» **Prompt**
Below this line is the material. Write out only its lines from the one containing "娱乐圈的婆媳佳话！秦海璐11年待婆婆如亲妈，细节里全是真心" through the one containing "92 Pelham Street 1, Newport, RI 02840", both kept, exactly.

» **Extracted material**
((
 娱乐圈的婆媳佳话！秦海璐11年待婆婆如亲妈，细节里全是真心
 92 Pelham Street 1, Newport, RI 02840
))
((
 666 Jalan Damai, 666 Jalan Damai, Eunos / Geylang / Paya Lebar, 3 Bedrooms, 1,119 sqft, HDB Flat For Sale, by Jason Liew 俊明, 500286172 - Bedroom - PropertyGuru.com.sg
))
» **Solution for this task**
 娱乐圈的婆媳佳话！秦海璐11年待婆婆如亲妈，细节里全是真心
 92 Pelham Street 1, Newport, RI 02840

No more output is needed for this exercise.